The Court dismissed applications for judicial review by various police officers who had been referred to discipline hearings or informal resolution by the Respondent Commission. The Court found that there had been no breach of procedural fairness at this early stage in the administrative process, the applications were premature and, in two cases, were moot.

Administrative law – Police – Disciplinary proceedings – Judicial review application – Premature – Judicial review – Procedural requirements and fairness – Bias – Mootness

Sommers v. Ontario (Civilian Commission on Police Services), [2005] O.J. No. 1838, Ontario Superior Court of Justice, May 10, 2005, J.D. Carnwath, J.R.R. Jennings and K.E. Swinton JJ.

The Applicant police officers were the subject of civilian complaints. Although originally cleared by initial investigations, the respective complainants requested a review by the Respondent Commission, as provided for in the Police Services Act, R.S.O. 1990, c. P.15. Following those reviews, the Applicants were ordered to proceed either to disciplinary hearings or, in other cases, informal resolution.

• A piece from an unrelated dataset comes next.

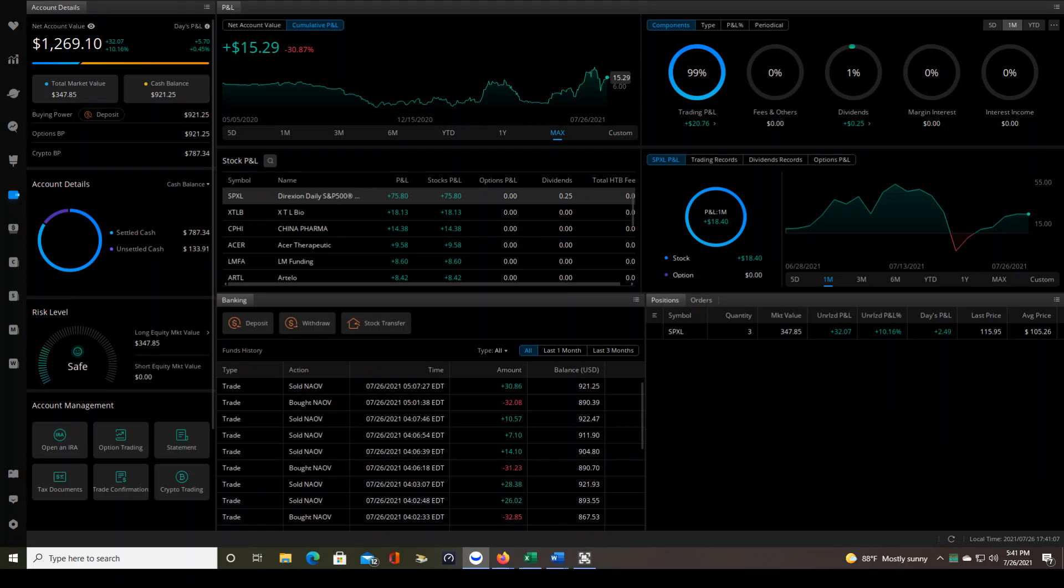And again, this does not show you any reflection of deposits or anything like that. So this is where I am in reality with just my trading since day one on this account. So hopefully this video was helpful to you.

The major issue for the Court was whether the applications were premature. The Court held that it was well-settled that courts should not interrupt administrative proceedings, particularly where the interruption will lead to delay. Judicial review should be discouraged until a final decision is rendered and all issues can be reviewed in an appeal on a full record. Here, nothing had been finally decided by the Commission. All of the issues, including those that were being raised on these applications, could be fully argued before the Hearing Officer, where the Applicants would have full opportunity to present evidence and make submissions.

The Applicants also argued that there had been breaches of their rights to procedural fairness. The Court held that procedural fairness is applied in varying degrees of strictness depending on the circumstances of the case, as set out by the Supreme Court of Canada in Baker v. Canada (Minister of Citizenship and Immigration), [1999] 2 S.C.R. 817. The Baker decision set out five factors for a court to consider in determining the level of procedural fairness that would be required in a specific situation: (1) the nature of the decision; (2) the statutory context of the decision; (3) the significance of the decision; (4) the legitimate expectations of those affected by the decision; and, (5) the choice of procedure.

Taking the five factors into consideration, the Court concluded that the level of procedural fairness to be considered in these proceedings at this juncture was at the very low end of the scale. Particularly important to the Court was the fact that this was an interim decision that did not compromise the officers’ substantive rights, and that s. 72 of the Act revealed a virtually complete code with respect to how the Commission should proceed upon receipt of a complaint. The stricture against fragmenting an administrative proceeding can only be overcome in exceptional circumstances, or where there has been a fundamental failure of justice.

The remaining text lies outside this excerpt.